Martian, Joint Interview with Co-CEOs Etan Ginsberg and Shriyash Upadhyay

Martian Co-CEOs Etan Ginsberg and Shriyash Upadhyay

Martian, a San Francisco, CA-based company providing an AI based orchestration layer solution, has just raised $9M in funding. In conjunction with the funding, Co-CEOs Etan Ginsberg and Shriyash Upadhyay answered our questions about the company, the solution they offer, the funding and future plans.

FinSMEs: Hi Yash and Etan, can you tell us a bit more about yourselves? What’s your background?

We were previously doing AI researchers at the University of Pennsylvania, where we met in 2020. We’ve previously founded and exited NLP companies in the 2010s.

FinSMEs: Let’s speak about Martian. What is the market problem you want to solve? What is the real opportunity?

Today, we’re solving the problem of finding the best models for your application. 

It’s becoming easier and easier to create language models – the cost of compute is going down, algorithms are becoming more efficient, and more open source tools are available to create these models. As a result, more companies and developers are creating custom models trained on custom data. As these models have different costs and capabilities, you can get better performance by using multiple models, but it’s difficult to test them all and to find the right ones to use. We take care of that for developers.

This is part of our broader mission to understand AI.

Each time we improve our fundamental understanding of models, it results in a paradigm shift for AI. Fine-tuning was the paradigm driven by understanding outputs. Prompting is the paradigm driven by understanding inputs. That single difference in our understanding of models is much of what differentiates traditional ML (“let’s train a regressor”) and modern generative AI (“let’s prompt a baby AGI”).
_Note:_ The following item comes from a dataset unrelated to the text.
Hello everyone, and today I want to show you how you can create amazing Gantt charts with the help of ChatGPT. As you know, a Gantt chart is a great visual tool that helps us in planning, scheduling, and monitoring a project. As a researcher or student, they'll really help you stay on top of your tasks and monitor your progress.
Our goal is to consistently deliver such breakthroughs until AI is fully understood and we have a theory of intelligence as robust as our theories of logic or calculus.
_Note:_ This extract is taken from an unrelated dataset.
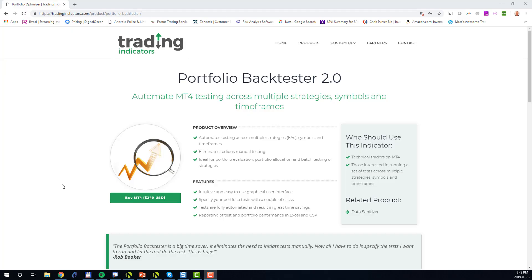Hello traders, in this short video I will show you how to use the Portfolio BackTester 2.0 to automate portfolio testing in MetaTrader 4. Unlike ordinary backtesting which tests a single strategy on a given timeframe and symbol, a portfolio test is executed across multiple strategies, symbols, and timeframes. Running portfolio tests by hand is very tedious and time-consuming.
In the words of Sir Francis Bacon, “Knowledge is power”. Accordingly, the best way to be sure that we understand AI is to release powerful tools. In our opinion, a model router is a tool of that kind. We’re excited to build it, grow it, and put it in people’s hands.

FinSMEs: What are the features differentiating the product from competitors?

We invented model routing, and we’re the first to market. That means the alternatives for most companies will be sticking with a single model or trying to build a routing system in house. Routing can provide some really awesome results – some of our customers have seen a ~12x decrease in cost, and we’re able to outperform GPT-4 on OpenAI’s own evals (openai/evals on github). So companies who are only using a single model are missing a competitive advantage.

As for others who might try to build a router? It’s easy to make a router, but it’s hard to make a good router. How many routing systems are going to be able to outperform GPT-4? Our technology – which lets us gain a more fundamental understanding of how models operate – gives us the ability to route in a way that is more sophisticated and effective.

FinSMEs: You just raised a new funding round. Please, tell us more about it.

We’re excited to share some great news! We’ve raised $9M from some truly amazing partners – NEA, Prosus Ventures, CVP (Carya Venture Partners), and General Catalyst. It’s an honor to join forces with these venture firms, each bringing their unique expertise to our mission. Their investment is more than just financial support; it’s a partnership that opens up new opportunities for us. With this funding, we’re ready to make our routing product even better, reach out to more customers, and deepen our understanding of our models’ inner workings. This is a big step forward for Martian, and we can’t wait to see where this journey takes us.

FinSMEs: Can you share some numbers and achievements of the business?

We’re really excited about the performance we’ve seen from our router. We’ve been able to out-perform GPT-4 on OpenAI’s own evals (openai/evals on github). We’re able to perform as well as or better than GPT-4 on >88% of the tasks in openai/evals. And we don’t just outperform on metrics like accuracy; on average, the router is 20% less expensive than GPT-4 – even though we are routing solely based on accuracy and similar metrics in those experiments. On some tasks, we see greater than 30x reductions in cost. With some of our existing customers, we’ve seen cost reductions in production as large as 12x. And that’s even before counting the reduction in total cost of ownership for AI by providing a system that’s future-proofed and obviates model selection.

Plus, that’s just on our general purpose router. For enterprise clients, we’ve built custom routers. Some of those routers have been preferred over GPT-4 over 90% of the time when annotated according to human preferences.

FinSMEs: What are your medium-term plans?

There are two things we’re really excited to do.

The first is to work with the community to improve the model router; we’re already getting some pretty awesome results and we’re excited to see what we can do when partnering with developers and customers.

The second is to release additional tools that the community can use, based around model mapping. There’s a lot to learn about how models work and a lot we can do with those learnings.